The legislation declares that imprisoned transgender individuals are exposed to sexual abuse, discrimination, and harassment and therefore need a safe environment in which they are able to “express their gender or to take medical, social or legal transition steps.” A California study discovered that transgender women have a 13-times higher rate of sexual assault than men in the same jail.
“Gender transition is a deeply personal experience that may involve some combination of social transition, legal transition, medical transition, or none of these,” declares the law, recognized as the Transgender Respect, Agency, and Dignity Act.
Between Jan. 1 and April 9, the California Department of Corrections and Rehabilitation has got 261 gender-based housing requests; 255 are from transgender women and nonbinary imprisoned people who are requesting to be housed in a female institution, and six are from transgender men and nonbinary detained people who are asking to be housed in a male institution.
The agency accepted 21 requests; seven were transferred to Central California Women’s Facility, and two changed their minds. The waiting applications are still under review.

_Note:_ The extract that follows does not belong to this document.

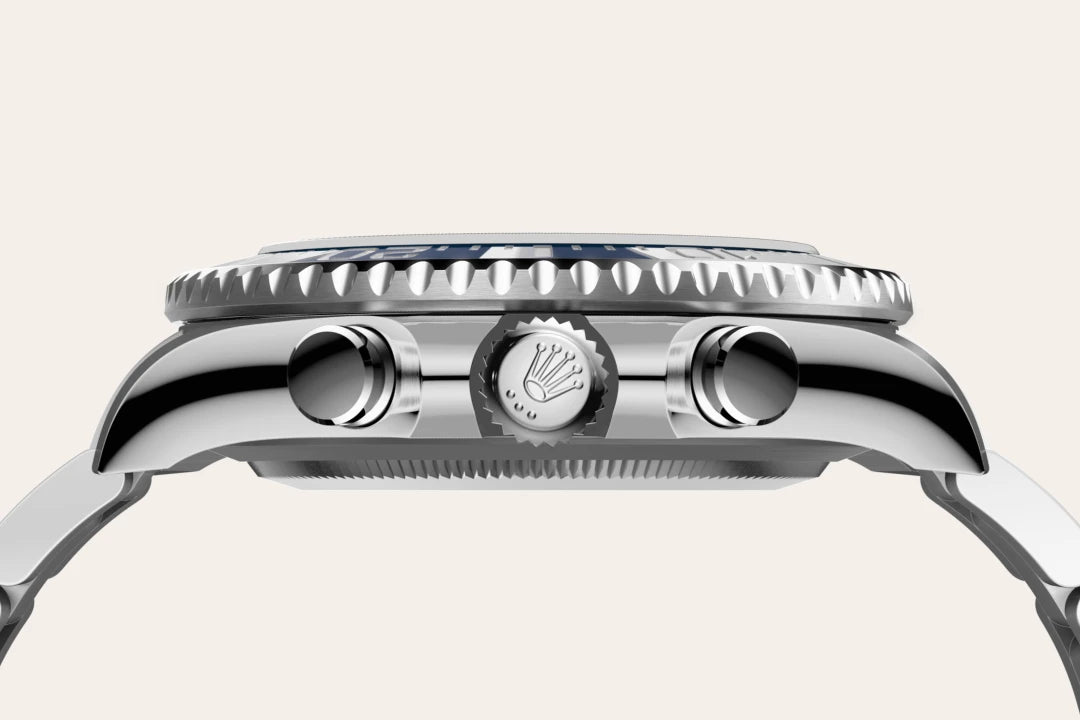Rolex Yacht-Master II in Oystersteel, M126680-0001 - Edwards Lowell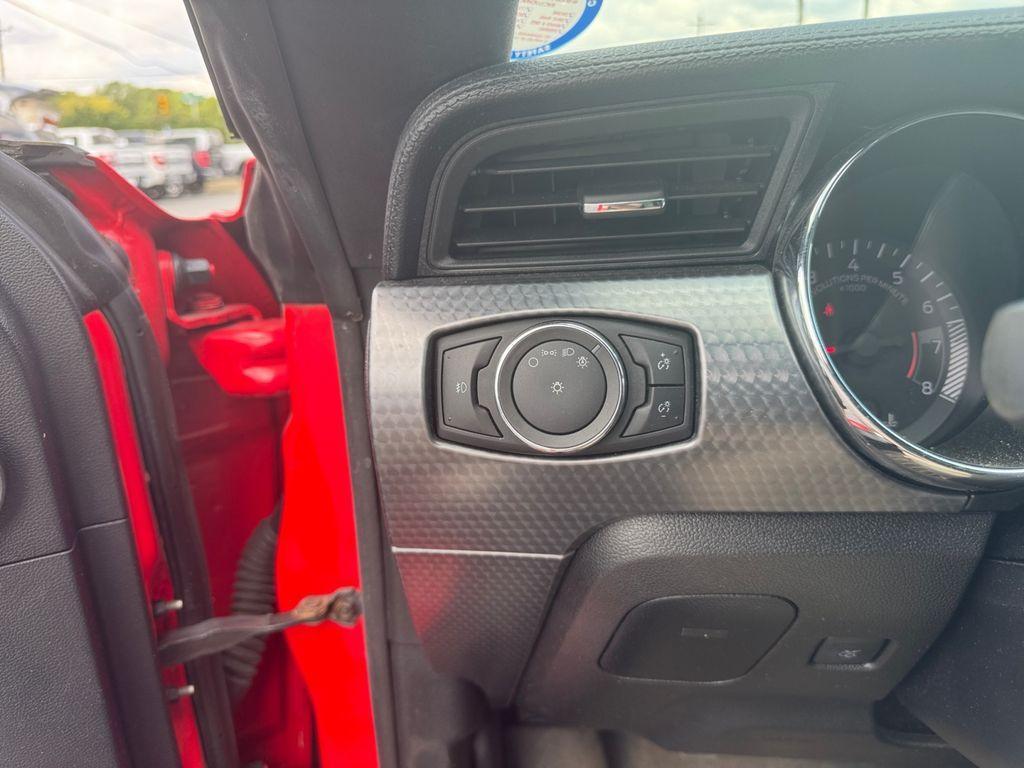 used 2017 Ford Mustang car, priced at $26,997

Applications are not automatically granted though rather must go through a review committee that includes the warden, medical and mental health staff, and custody officers, explained CDCR deputy press secretary Terry Thornton.
California holds 35 prisons, including three for women.
“CDCR’s classification process includes a thorough review of the incarcerated person’s history prior to and during incarceration, their crime, arrest and criminal history, trial and sentencing documentation, medical and mental health needs, custody level, time to serve, safety concerns and other factors including security and program needs,” Thornton stated.
"Senate Bill 132 ... supports CDCR's endeavors to improve safety, help prevent sexual abuse and create a more respectful environment for the incarcerated transgender, non-binary and intersex community," Thornton said.
An inmate’s rap sheet and disciplinary record in jail are part of the process, she continued.
The state will pay for surgery and any medical treatment for individuals who want to transition to another sex. This is compatible with the military and Veteran Affairs administration, which was directed by President Joe Biden to start funding medical procedures.
California grew the first state to finance such surgeries after a 2017 court settlement.
“The Eighth Amendment of the US Constitution requires that prisons provide medically necessary treatment for prisoners’ medical needs based on medical considerations,” Thornton said. “This can include gender-affirming surgery.”